> _EXERCISE PROMPT_: Below is a listing; return it in full, exactly as it appears.
+++++
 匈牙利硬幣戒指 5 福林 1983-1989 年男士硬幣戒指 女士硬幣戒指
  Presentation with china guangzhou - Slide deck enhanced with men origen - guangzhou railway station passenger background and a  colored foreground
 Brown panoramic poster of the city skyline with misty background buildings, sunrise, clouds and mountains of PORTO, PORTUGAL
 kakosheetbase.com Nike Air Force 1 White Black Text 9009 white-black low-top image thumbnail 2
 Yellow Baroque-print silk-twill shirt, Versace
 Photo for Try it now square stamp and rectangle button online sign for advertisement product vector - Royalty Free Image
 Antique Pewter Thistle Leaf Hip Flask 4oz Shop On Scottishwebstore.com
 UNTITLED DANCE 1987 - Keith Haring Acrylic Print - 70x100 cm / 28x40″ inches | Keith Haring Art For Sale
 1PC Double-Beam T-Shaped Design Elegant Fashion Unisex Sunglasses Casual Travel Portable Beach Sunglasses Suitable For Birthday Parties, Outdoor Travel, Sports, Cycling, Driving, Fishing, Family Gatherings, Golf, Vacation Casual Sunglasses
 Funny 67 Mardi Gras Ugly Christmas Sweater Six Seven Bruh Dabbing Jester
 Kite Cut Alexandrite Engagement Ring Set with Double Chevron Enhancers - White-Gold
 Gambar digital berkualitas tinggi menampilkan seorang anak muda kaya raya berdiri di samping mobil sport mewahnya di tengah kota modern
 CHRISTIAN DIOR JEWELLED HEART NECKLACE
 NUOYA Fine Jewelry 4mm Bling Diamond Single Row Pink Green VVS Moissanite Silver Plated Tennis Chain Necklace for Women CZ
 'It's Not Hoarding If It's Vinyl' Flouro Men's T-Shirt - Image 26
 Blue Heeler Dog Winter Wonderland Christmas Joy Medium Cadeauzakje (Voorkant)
+++++
> _EXERCISE RESPONSE_:
 匈牙利硬幣戒指 5 福林 1983-1989 年男士硬幣戒指 女士硬幣戒指
  Presentation with china guangzhou - Slide deck enhanced with men origen - guangzhou railway station passenger background and a  colored foreground
 Brown panoramic poster of the city skyline with misty background buildings, sunrise, clouds and mountains of PORTO, PORTUGAL
 kakosheetbase.com Nike Air Force 1 White Black Text 9009 white-black low-top image thumbnail 2
 Yellow Baroque-print silk-twill shirt, Versace
 Photo for Try it now square stamp and rectangle button online sign for advertisement product vector - Royalty Free Image
 Antique Pewter Thistle Leaf Hip Flask 4oz Shop On Scottishwebstore.com
 UNTITLED DANCE 1987 - Keith Haring Acrylic Print - 70x100 cm / 28x40″ inches | Keith Haring Art For Sale
 1PC Double-Beam T-Shaped Design Elegant Fashion Unisex Sunglasses Casual Travel Portable Beach Sunglasses Suitable For Birthday Parties, Outdoor Travel, Sports, Cycling, Driving, Fishing, Family Gatherings, Golf, Vacation Casual Sunglasses
 Funny 67 Mardi Gras Ugly Christmas Sweater Six Seven Bruh Dabbing Jester
 Kite Cut Alexandrite Engagement Ring Set with Double Chevron Enhancers - White-Gold
 Gambar digital berkualitas tinggi menampilkan seorang anak muda kaya raya berdiri di samping mobil sport mewahnya di tengah kota modern
 CHRISTIAN DIOR JEWELLED HEART NECKLACE
 NUOYA Fine Jewelry 4mm Bling Diamond Single Row Pink Green VVS Moissanite Silver Plated Tennis Chain Necklace for Women CZ
 'It's Not Hoarding If It's Vinyl' Flouro Men's T-Shirt - Image 26
 Blue Heeler Dog Winter Wonderland Christmas Joy Medium Cadeauzakje (Voorkant)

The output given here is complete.